Analyse/ Réduisons des dépenses courantes de 10%, on aura 94 milliards BIF contre la Covid-19
Alors que le nombre de personnes affectées par la Covid-19 ne cesse d’augmenter, l’Assemblée nationale et le gouvernement optent pour une étude d’impact socio-économique avant de prévoir le budget destiné à lutter contre cette pandémie mondiale.
Pour certains analystes, cette stratégie n’est pas une riposte adéquate pour pallier cette maladie. Pour le moment, le gouvernement et l’assemblée devraient plutôt constituer un fonds pour acheter les médicaments, les équipements sanitaires…
A l’heure actuelle, l’étude de l’impact socio-économique n’est pas une priorité. Car, on ne peut pas estimer les dégâts d’une pandémie au moment où le pays n’enregistre que moins d’une trentaine de cas.
Quelques questions restent sans réponse. Une commission a été mise en place pour évaluer les effets néfastes du coronavirus. Mais pourquoi ladite étude n’a pas encore terminé alors qu’elle devrait être urgente ? Pourquoi le gouvernement n’a pas réduit les dépenses courantes pour créer un fonds de lutte contre la Covid-19.
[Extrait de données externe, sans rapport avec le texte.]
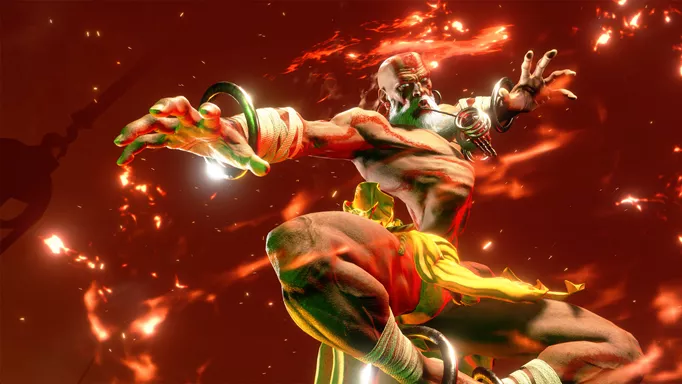 Key art of Dhalsim as he appears in Street Fighter 6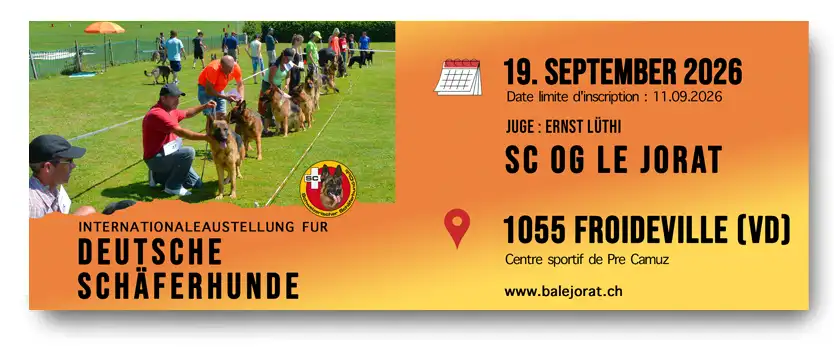 Expo Internationale de berger allemand 19.09.2026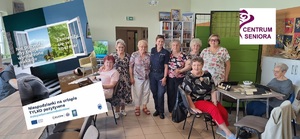 Policjantka na spotkaniu z Seniorami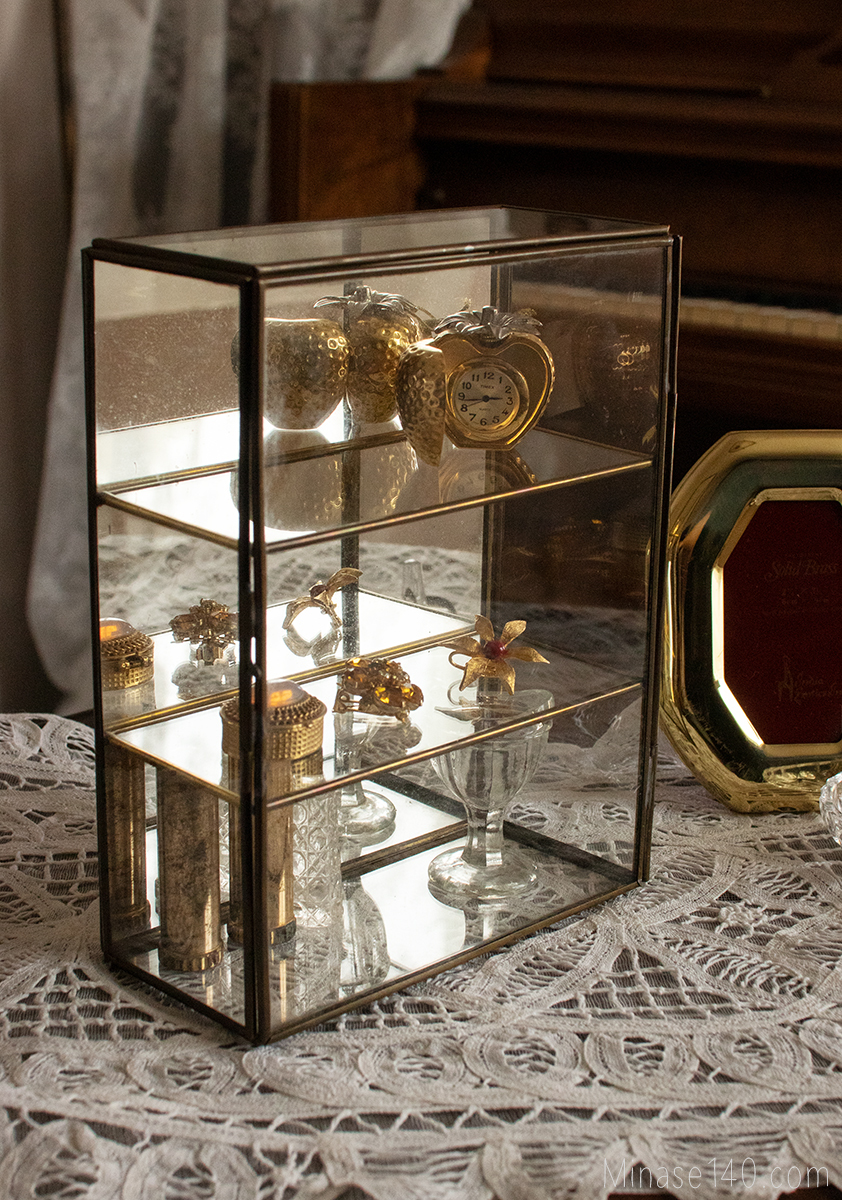 アンティーク風 ディスプレイ コレクションボックス ジュエリー 小物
En outre, il y a une autre voie à explorer avant la publication. Le gouvernement peut également exiger à tous les ministères de réduire leurs budgets et de verser l’excèdent au fonds créé à cette fin.
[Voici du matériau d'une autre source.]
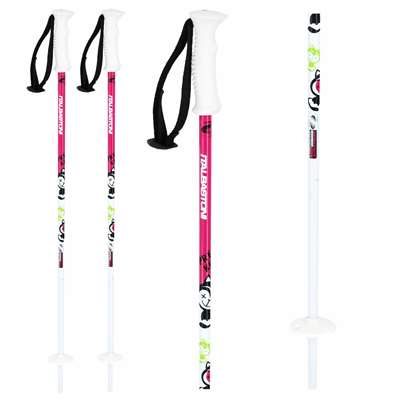 kijki narciarskie Italbastoni Pretty Kitty (białe uchwyty)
Pour ce cas, les études d’impact ne sont pas nécessaires. L’une des stratégies d’avoir de fonds rapidement serait de réduire les dépenses courantes. Par exemple, l’argent alloué aux missions officielles devrait normalement être revue à la baisse ou supprimer. Cela permettra au gouvernement d’alimenter le fonds contre la Covid-19. Faisons un exercice simple sans faire beaucoup de calcul. Selon le projet de loi des Finances, 2020/2021, les dépenses courantes sont estimées à 946,5 milliards BIF, soit plus de 60% du budget général. Si le gouvernement réduit ces dépenses de 10%, il y aurait plus de 94 milliards BIF pour lutter contre coronavirus.